For such trivial problems, getting it right alone isn't a particularly
high expectation.

> Micro optimizations for speed
> without thought of the wider context is a bad habit to form and a time
> waster.

The OP didn't mention anything about the context; for all we know,
this might be a homework problem or the body of a tight inner loop.
There is this tendency on c.l.py to assume that every optimization
question is about a tiny subproblem of a 100 KLOC application. Without
further context, we just don't know.

> If the routine is all that needs to be delivered and it does not
> perform at an acceptable speed then find out what is acceptable
> and optimise towards that goal. My questions were set to get
> posters to think more about the need for speed optimizations and
> where they should be applied, (if at all).

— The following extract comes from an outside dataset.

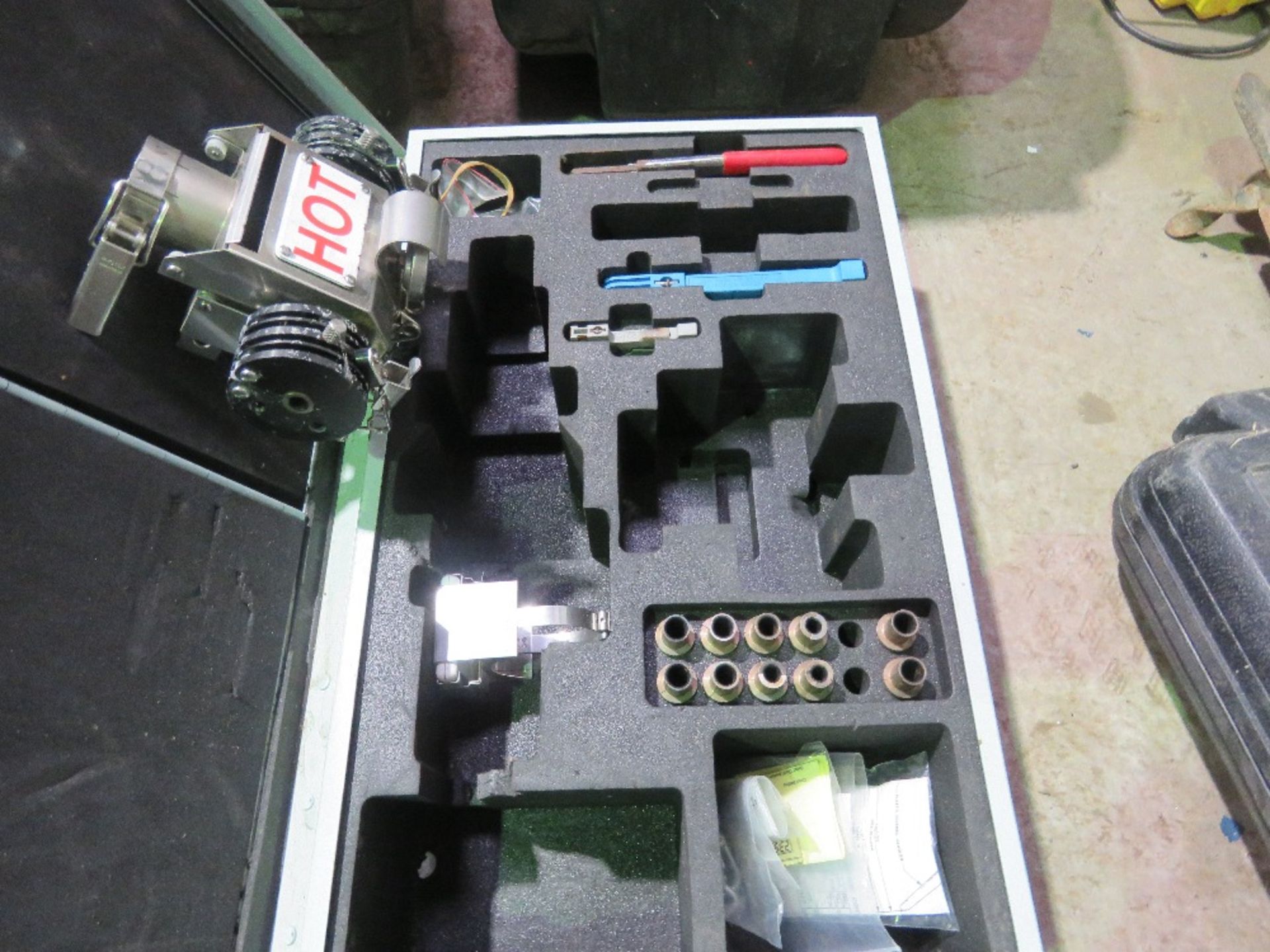 RAYCHEM INSTALLATION KIT IN A CASE. - Image 3 of 4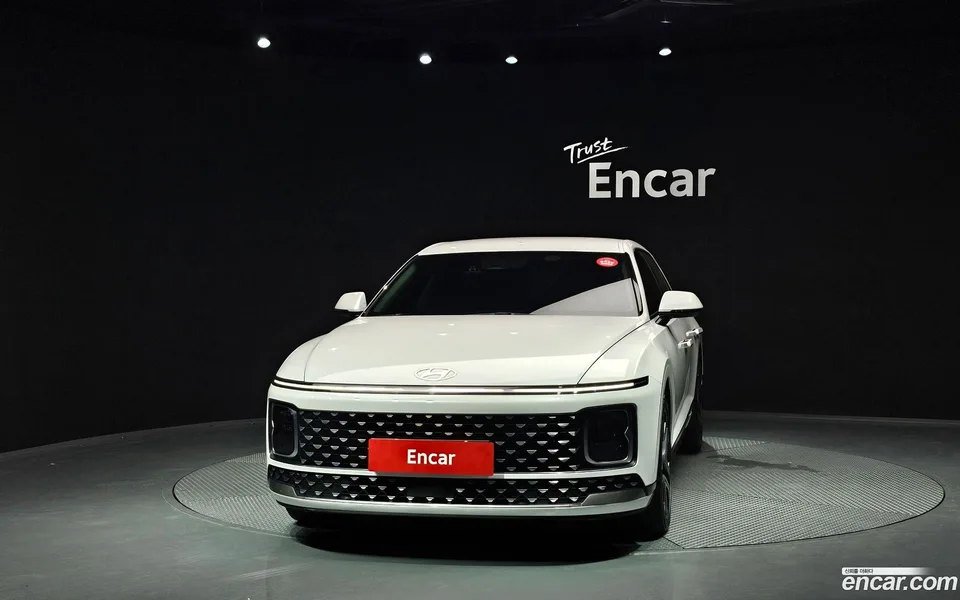 Hyundai Grandeur 2.5 2WD 2023 — thumbnail 3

I don't agree with this logic in general. Just because one can solve a
problem by throwing a quick and dirty hack with quadratic complexity
that happens to do well enough on current typical input, it doesn't
mean he shouldn't spend ten or thirty minutes more to write a proper
linear time solution, all else being equal or at least comparable
(elegance, conciseness, readability, etc.). Of course it's a tradeoff;
spending a week to save a few milliseconds on average is usually a
waste for most applications, but being a lazy keyboard banger writing
the first thing that pops into mind is not that good either.

George

Steven D'Aprano
Guest
Posts: n/a

 01-23-2008
On Tue, 22 Jan 2008 18:32:22 -0800, George Sakkis wrote:

> The OP didn't mention anything about the context; for all we know, this
> might be a homework problem or the body of a tight inner loop. There is
> this tendency on c.l.py to assume that every optimization question is
> about a tiny subproblem of a 100 KLOC application. Without further
> context, we just don't know.

Funny. As far as I can tell, the usual assumption on c.l.py is that every
tiny two-line piece of code is the absolute most critically important
heart of an application which gets called billions of times on petabytes
of data daily.

Given the human psychology displayed involved, in the absence of
definitive evidence one way or another it is a far safer bet to assume
that people are unnecessarily asking for "the fastest" out of a misguided
and often ignorant belief that they need it, rather than the opposite.
People who actually need a faster solution usually know enough to preface
their comments with an explanation of why their existing solution is too
slow rather than just a context-free demand for "the fastest" solution.

Fast code is like fast cars. There *are* people who really genuinely need
to have the fastest car available, but that number is dwarfed by the vast
legions of tossers trying to make up for their lack of self-esteem by
buying a car with a spoiler. Yeah, you're going to be traveling SO FAST
on the way to the mall that the car is at risk of getting airborne, sure,
we believe you.

(The above sarcasm naturally doesn't apply to those who actually do need
to travel at 200mph in a school zone, like police, taxi drivers and stock
brokers.)

--
Steven